__DATASET EXCERPT__:
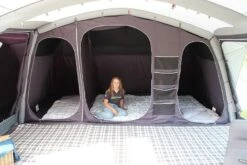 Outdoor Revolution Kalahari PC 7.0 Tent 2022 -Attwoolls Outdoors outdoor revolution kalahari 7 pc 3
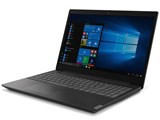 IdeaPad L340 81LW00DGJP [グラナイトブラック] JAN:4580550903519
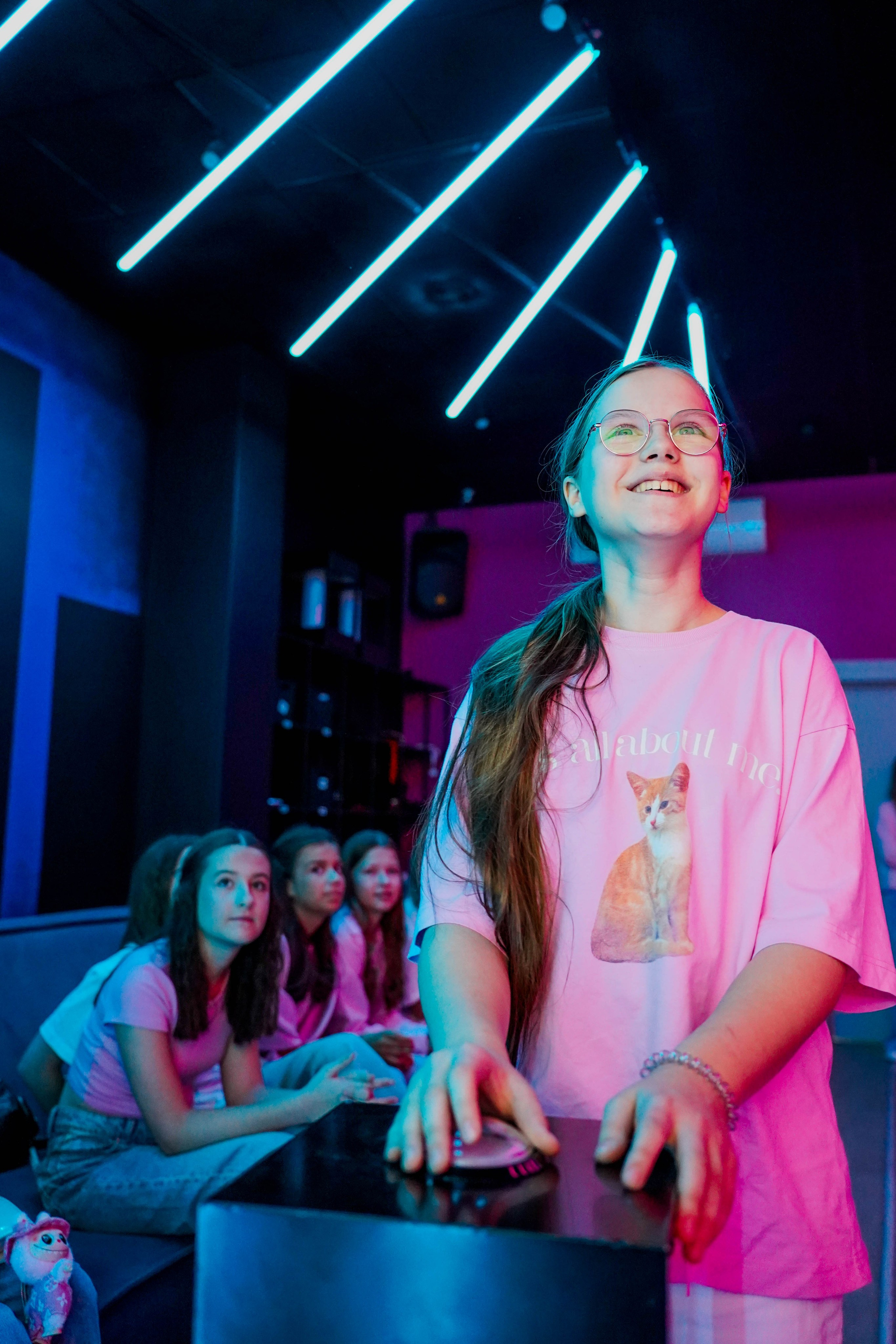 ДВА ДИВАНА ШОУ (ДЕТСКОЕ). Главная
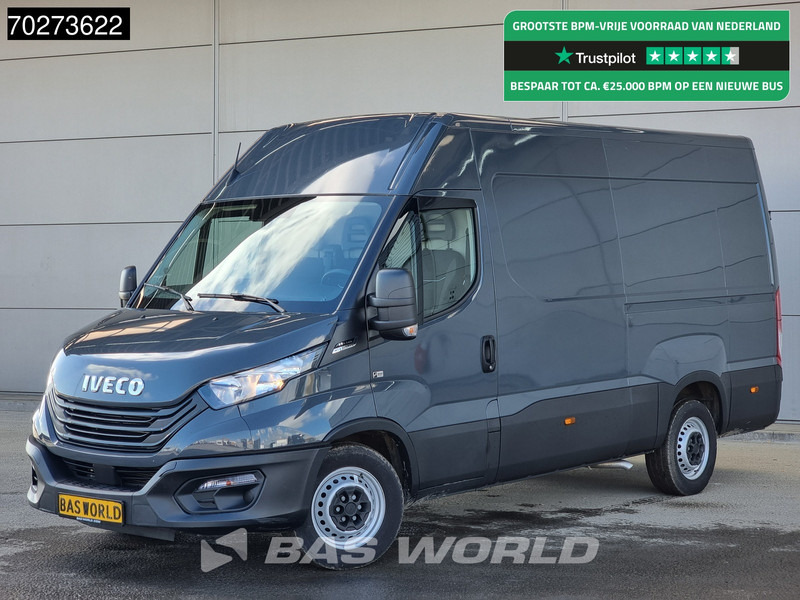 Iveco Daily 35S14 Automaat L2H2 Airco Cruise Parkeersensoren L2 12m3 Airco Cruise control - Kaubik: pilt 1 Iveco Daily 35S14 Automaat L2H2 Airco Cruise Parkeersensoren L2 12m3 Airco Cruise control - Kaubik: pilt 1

__WHAT IS EXPECTED__: Give back exactly the lines from the one containing "IdeaPad L340 81LW00DGJP" through the last line above, both included, and none of the pictures.

__YOUR SOLUTION__:
 IdeaPad L340 81LW00DGJP [グラナイトブラック] JAN:4580550903519
 ДВА ДИВАНА ШОУ (ДЕТСКОЕ). Главная
 Iveco Daily 35S14 Automaat L2H2 Airco Cruise Parkeersensoren L2 12m3 Airco Cruise control - Kaubik: pilt 1 Iveco Daily 35S14 Automaat L2H2 Airco Cruise Parkeersensoren L2 12m3 Airco Cruise control - Kaubik: pilt 1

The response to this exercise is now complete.